Following the March 18 memo from the FBI, the Biden administration released a statement from the president on March 21 warning U.S. companies “based on evolving intelligence that the Russian Government is exploring options for potential cyberattacks.” On Monday, President Joe Biden told the press, “The magnitude of Russia’s cyber capacity is fairly consequential and it’s coming.” Biden further noted in his discussion the rising tensions due to the war in Ukraine and warned of increased threats as the situation becomes more desperate for Russia. “The more Putin’s back is against the wall, the greater the severity of the tactics he may employ,” Biden told the press.

As the Biden administration attempts to harden U.S. cyber defenses, other experts in the intelligence community have given their own input on the looming threat. Deputy National Security Adviser for Cyber and Emerging Technology Anne Neuberger said in a briefing Monday afternoon, “To be clear, there is no intelligence that there will be a cyberattack on critical infrastructure.” While Neuberger did reiterate the warnings expressed by the president, her statement did not share the same sense of urgency. Meanwhile, Tom Kellermann, the head of cybersecurity strategy at VMware, an American cloud computing and technology company, echoed the fears of the FBI and President Biden. In a statement Monday, Kellermann commented, “there is a clear and present danger,” and, “destructive cyber attacks are imminent.”

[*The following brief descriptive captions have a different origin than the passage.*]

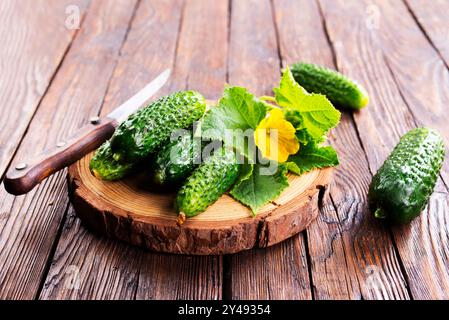 cucumbers on wooden cutting board, fresh organic vegetable food Stock Photo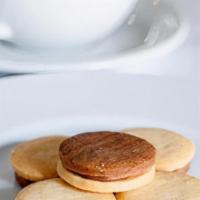 Tea Cookies · Small shortbread cookies sandwich a smooth and creamy layer of hazelnut ganache or dark choc...
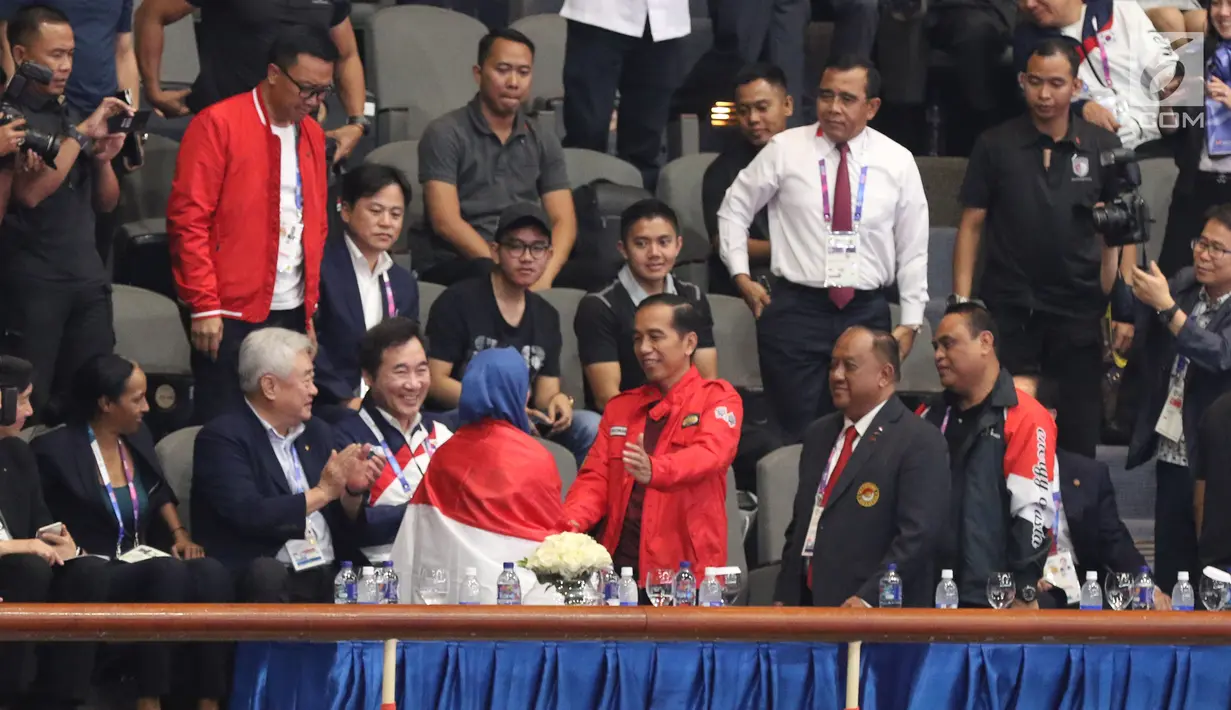 Atlet Taekwondo putri Indonesia, Defia Rosmaniar menyalami Presiden Joko Widodo usai merayakan kemenangan atas Salahshouri Marjan (Iran) pada Final Women Individual Poomsae di JCC, Jakarta, Minggu (19/8). (Liputan6.com/Helmi Fithriansyah)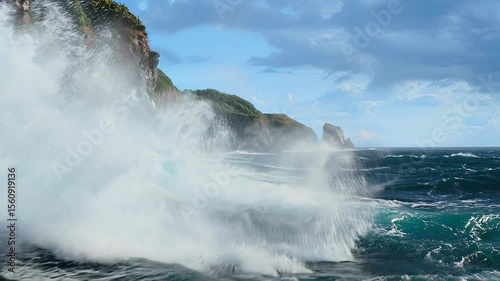 Powerful Ocean Waves Crashing Against Rugged Coastal Cliffs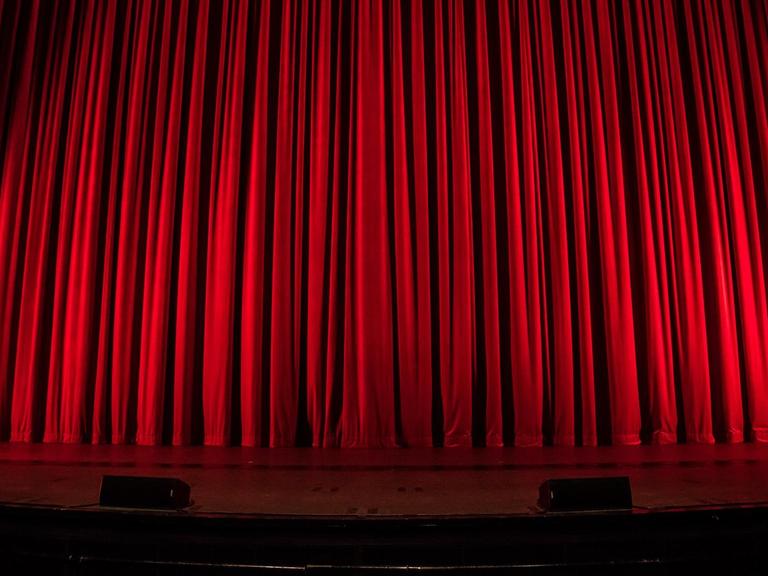 Ein Theater in dem der rote Vorhang zugezogen ist.
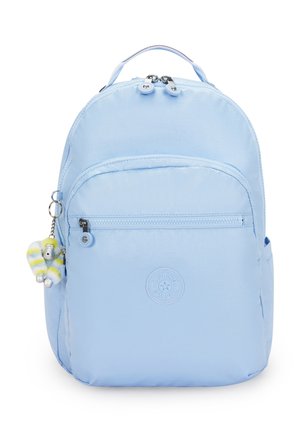 Sac à dos bleu clair avec poche zippée à l'avant, poignée supérieure, poche latérale et un petit porte-clés singe duveteux attaché au curseur de la fermeture éclair.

Earlier this month, Congress passed a provision that will require critical infrastructure companies to report cybersecurity intrusions to the Cybersecurity and Infrastructure Security Agency within 24 hours after paying a ransom and 72 hours of an attack. This provision will be employed in the hopes that it will give the Cybersecurity and Infrastructure Security Agency insight into how enemy actors are targeting key infrastructure in the U.S. and allow the agency to generate stronger warnings of threats in the future.

While the administration says is not looking to instigate a confrontation with Russia, it has signaled that it is prepared to respond should a cyberattack occur. Biden told the press Monday that his administration “will continue to use every tool to deter, disrupt, and if necessary, respond to cyberattacks against critical infrastructure.”